In der Folge waren wir gemeinsam mit Eva in der Initiative „Kein Frieden mit der NATO“ organisiert. Diese Initiative war auf den ersten Blick eine eigentümliche Mischung radikaler AktivistInnen. Wir verstanden uns als Teil der militanten autonomen Bewegung. Evas Gruppenzusammenhang hingegen nannte sich „Marx am Sonntag“. Das klang erstmal nach einem trockenen Theorie-Lesekreis. Weit gefehlt, wie wir schnell in den oft bis tief in die Nacht gehenden Treffen merkten.

Die Beschäftigung mit Theorie war für Eva immer das, was bei Marx „Kritik im Handgemenge“ heißt: Begreifen und Bekämpfen hing für sie untrennbar zusammen – es galt ihr zu begreifen, um besser bekämpfen zu können. Dass die Diskussionen so intensiv und die praktischen Ergebnisse so verbindlich waren, lag auch an der Persönlichkeit von Eva. So hatte sie nie Angst davor, eine Position notfalls ganz alleine und fordernd – manchmal auch stur – zu vertreten und sorgte für so manche Kontroverse, in der wir uns im Ringen um Positionen nicht nur gestritten haben sondern auch als Menschen begegnet sind. „Was ist mit der Frauenfrage?“ hielt sie regelhaft den Marxisten entgegen „Was ist mit der Klassenfrage?“ ging in die Richtung der Autonomen. Vertragen haben wir uns anschließend im Sponti Hansa, Eva mit einem Glas Weißweinschorle und einer Zigarette.

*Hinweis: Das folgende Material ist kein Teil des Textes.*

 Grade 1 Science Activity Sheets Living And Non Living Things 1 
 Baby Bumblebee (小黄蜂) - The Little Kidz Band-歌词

Evas kämpferische Anwesenheit in zum Teil grundverschiedenen Szenen macht sie zu einer außerge-
wöhnlichen Frau. Sie hat sich immer wieder Orte gesucht, von denen aus sie für eine ganz andere und bessere Welt, die für sie im Ergebnis der Bemühungen ganz ohne jeden Zweifel herrschaftsfrei und klassenlos sein musste, streiten konnte. Als Kommunistin, Feministin und kritische Gewerkschafterin war sie bis ins hohe Alter an Debatten und Aktivitäten beteiligt, ähnlich einer Wanderdüne gesellschaftlicher Konflikte. Ohne Berührungsängste, offen, solidarisch und vor allem streitbar: Überall dort, wo die Emanzipation des Menschen potentiell am Werk war, war auch Eva mit ihrem Kommentar und ihrer Position anzutreffen. Dafür haben wir sie geliebt.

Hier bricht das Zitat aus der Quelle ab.